Pattison’s Bruce is really just Batman all the time here, which is of course the point of this particular story. Unlike the previous Batmen (you might be sensing a theme here with how I’m writing this btw) Bruce doesn’t code switch when the cowl comes off in this movie. He is still a deeply depressed, dark, brooding, and miserable human being whether he is in costume or not. He doesn’t change, he is exactly who is all the time, and doesn’t stop being Batman ever in this movie.
He’s emo Batman in the best way and if anything maybe the most realistic depiction of what such a character would be like in the real world to date, even more than the “dark and gritty” Nolan-verse Batman. Batman/Bruce Wayne is/has always been a big moody weirdo and the script doesn’t hold back on this in this regard.
The movie is again too long but the good news is it’s hardly ever boring from scene to scene. Again, the cinematography is great, the musical score is beautiful, the cast is tremendous and carries each scene on star power alone, and the story is pretty solid all-around for a Batman film.
The only real issue with the film is, again, as much as things are different about this compared to other versions of the story it’s still at the end of the day a character we are already very familiar with and thus we’re not really getting anything thaaaat new or refreshing about Batman here.
Sure, the emphasis on “The World’s Greatest Detective” is a good change of pace from Nolan’s and I guess Zack Snyder’s rich, playboy, brooding ninja warrior of the most recent iterations of the character but this is still not really anything we haven’t seen before. Hell, if we’re counting animated versions of the character Kevin Conroy already gave us “The World’s Greatest Detective” in the “Batman: The Animated Series” during the 90s and frankly I don’t think any actor or writing team has done it better since.

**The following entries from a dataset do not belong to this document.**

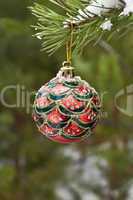 Christmas ball on a branch of pine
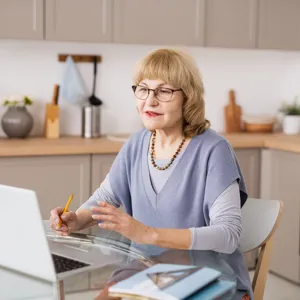 Dame med briller i 60-årene sitter ved kjøkkenbordet og har et møte på en bærbar datamaskin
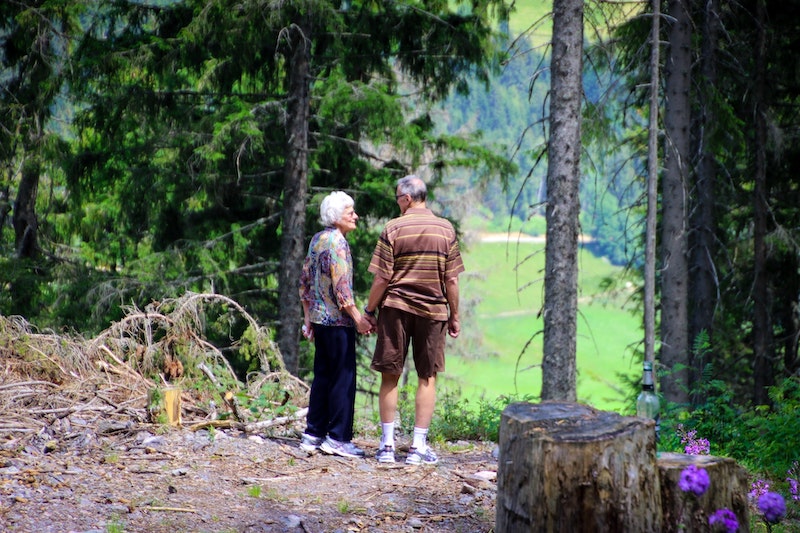 two seniors walking together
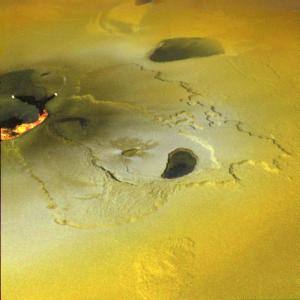 Glowing lava fills a crevice in this close up view of the surface of volcanic Io.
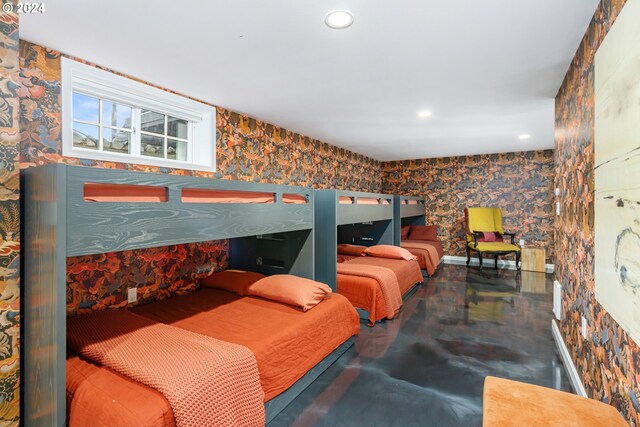 bedroom with concrete flooring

The movie attempts to do some deconstructing of Batman’s cop-friendly agenda too and even to a certain extent tries to bring the character into the modern conversation surrounding law enforcement but as someone who REALLY can’t ignore this part of the genre anymore, I’m here to tell you it doesn’t say anything actually meaningful about it here either. If anything, it still endorses the status quo but with a sheen of “woke” politics.
This isn’t to say “The Batman” isn’t worth seeing, of course. If you have a strong affinity for the character or simply just want to watch something fun and fanciful for (jfc) three hours then this is preeetty good for yet another Batflick.
But if you’re looking for something truly refreshing this might not be it. It’s like getting a new menu item at your favorite burger chain restaurant. It’s a bit different but the flavor is still familiar cause it’s still part of a franchise but hey, it’s still not bad and it’s not like you’re not going to eat it if you’re hungry, right?
But then again, at this point, there isn’t a ton left to say about this character (we’re rapidly running out of things to say about Spider-man too these days) and that’s ok. These movies can just be fun, little escapist pieces of entertainment (even if it is still problematic) and on that level Matt Reeves’ “The Batman” more than succeeds and if anything is somewhat of a triumph given how many predecessors it had to stand out against. At the very least it feels very much like Matt Reeves’ artistic vision which is faaaar more than I can say about another series of superhero movies…
Chances are we’ll all get five or six more versions of this character before we all die anyway with the way Hollywood rapidly repackages existing IP to sell it back to audiences but for 3 hours at the movie theaters, it’s not a bad time by any stretch.
Just don’t go in expecting anything truly different but then again, after 10 movies, what do you expect?